The graphics have come together quite nicely and offer a rich presentation that's both technically and artistically impressive. The character models you see in the game's cutscenes and battles are large and feature a generous polygon budget. You'll find an impressive variety in models, thanks to the broad range of fighters in the game. Everything from humanoid to animal combatants are highly detailed and animate nicely. The environments in the game offer the same level of detail--with a nice variety of locales. Action is set all over the game world, and there are even distinctly different weather patterns. The areas are complemented by some slick lighting effects and small details, like cheering crowds. However, as impressive as the core graphics are, there are a host of little touches to appreciate in the game. The game's world map uses a rich, detailed 3D presentation you can explore on foot. It's comparable to some third-person action games. Our favorite element has to be the abundance of carefully crafted 2D art used for story sequences. While you see a healthy amount of cutscenes--that all rely on the game engine--Gladius also makes use of 2D art to tell its story. The richly detailed art is gorgeous, and it's enhanced by subtle effects, like rain and slight warping as the voice-over unfolds. Speaking as to how the game fairs on all consoles, GameCube, PlayStation 2, and Xbox owners should be equally pleased. The development has worked to ensure Gladius makes the best use of each platform. The graphics are comparable, across the board, and move along at a steady clip. You'll notice some differences in fine details, like texture resolution and color. The Xbox and GameCube versions do look a bit nicer, but overall the game is solid across all three systems.

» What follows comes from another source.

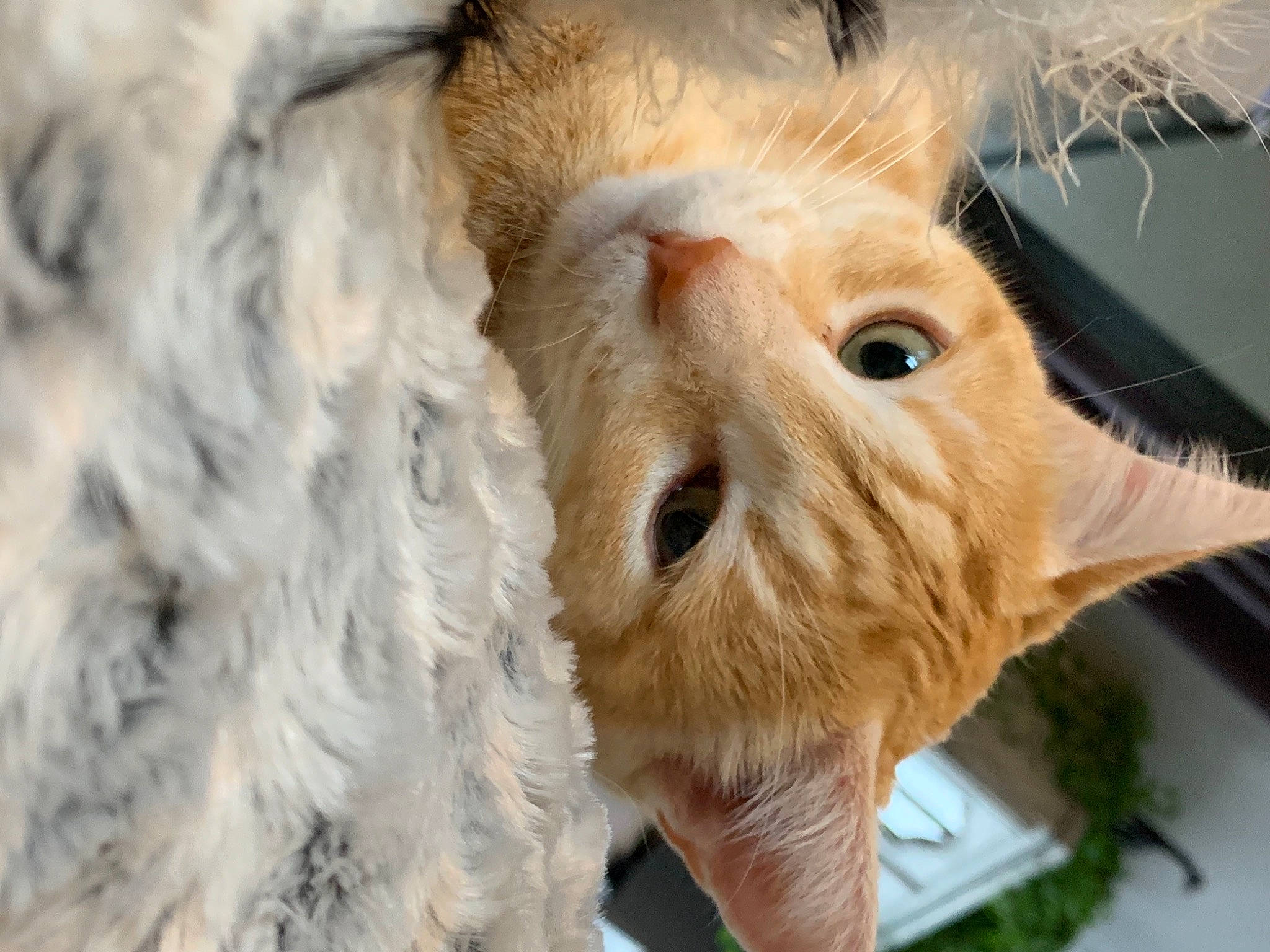 Maxou participe au concours pour gagner de l'argent avec cette photo : blond, carnivore, cat, close_up, fawn, felidae, fur, natural_material, organism, peach, photography, small_to_medium_sized_cats, snout, vertebrate, whiskers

The audio in the game is strong and immersive. Ambient details are plentiful and do a fine job of setting the tone during battles. You're cheered on by crowds and hear the satisfying clang of weapons as you fight. Combatants fire off soundbytes as they battle, often punctuating particularly good or bad attacks. The game's score is suitably sweeping and frames the action quite nicely. The voice acting is strong, thanks to a broad assortment of voices. Valens and Ursula benefit from a bit of star power, thanks to the respective voices of Michael Rosenbaum, of Smallville, and Linda Cardellini, of Scooby-Doo.

Combat is challenging and fun.
Combat is challenging and fun.

From what we've played, Gladius appears to be shaping up quite nicely across all three platforms. The game looks good, plays well, and features an impressive amount of depth for players to discover. The development team has taken extra time--afforded by a shift in the release date--to polish up the game's presentation and to tighten its gameplay. The end result should appeal to fans of RPGs and tactics games alike. While the game is a strong title across all platforms, its release should be especially welcome for Xbox and GameCube owners, as both platforms are a bit thin in the RPG genre. PlayStation 2 owners, obviously a bit spoiled by the system's broader offering of RPGs and tactics games, will find that Gladius is a strong addition to the PlayStation 2 lineup, and it compares favorably to what's already out for the system. Anyone looking for a cool, original game will want to keep an eye out for Gladius when it ships later this month for the GameCube, PlayStation 2, and Xbox.